[Data block]

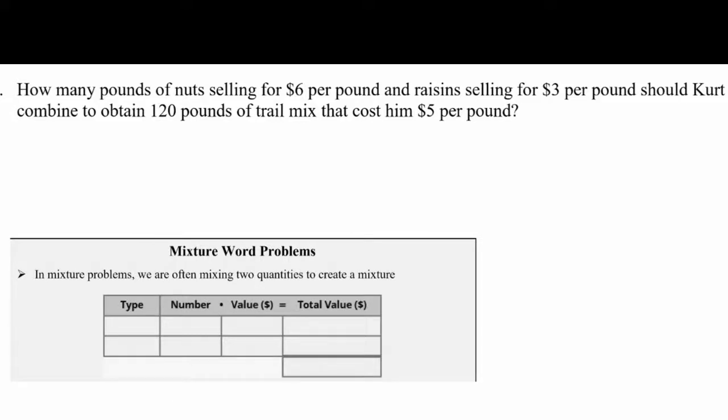In this video we continue our work with solving word problems using systems of equations by doing some mixture type word problems. We have: how many pounds of nuts selling for $6 per pound and raisins selling for $3 per pound should Kurt combine to obtain 120 pounds of trail mix that costs him $5 per pound?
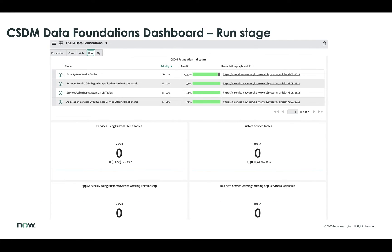Moving to the run phase — this stage focuses on the impact that various technologies have on the overall business. It covers things like application services with business service offering relationships, services using base system CMDB tables, and calling out any service that is using or not utilizing a custom CMDB table. Great insights into this more advanced phase of building out the CMDB using the Common Service Data Model, with key indicators at the top calling out specific or potential issues with that phase of the CSDM.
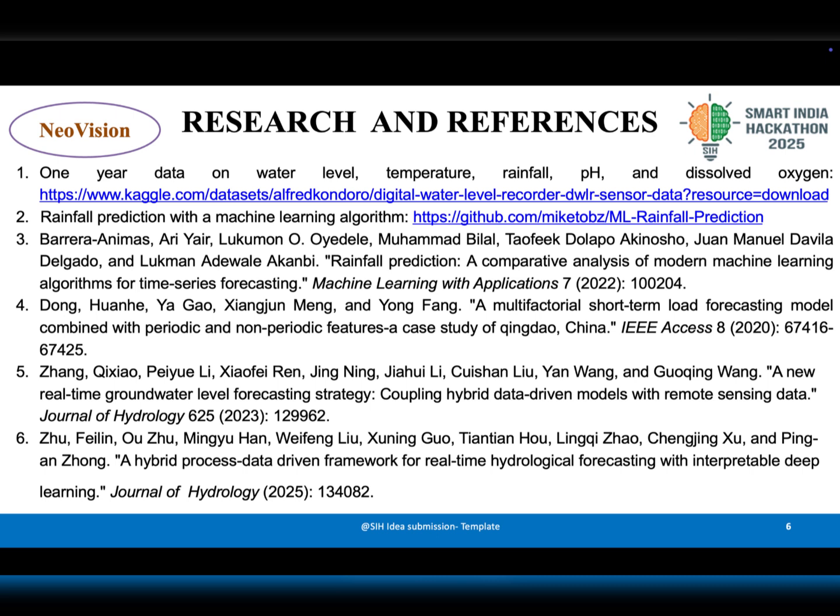Sources also include Elsevier, IEEE, and ScienceDirect. This strong research foundation ensures that the idea is practical, innovative, and scientifically sound. Thank you.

[/Data block]

▸ **Try it**
The answer must be the whole listing, word for word, with no pictures in it. Please write it out.

▸ **Exercise result**
In this video we continue our work with solving word problems using systems of equations by doing some mixture type word problems. We have: how many pounds of nuts selling for $6 per pound and raisins selling for $3 per pound should Kurt combine to obtain 120 pounds of trail mix that costs him $5 per pound?
Moving to the run phase — this stage focuses on the impact that various technologies have on the overall business. It covers things like application services with business service offering relationships, services using base system CMDB tables, and calling out any service that is using or not utilizing a custom CMDB table. Great insights into this more advanced phase of building out the CMDB using the Common Service Data Model, with key indicators at the top calling out specific or potential issues with that phase of the CSDM.
Sources also include Elsevier, IEEE, and ScienceDirect. This strong research foundation ensures that the idea is practical, innovative, and scientifically sound. Thank you.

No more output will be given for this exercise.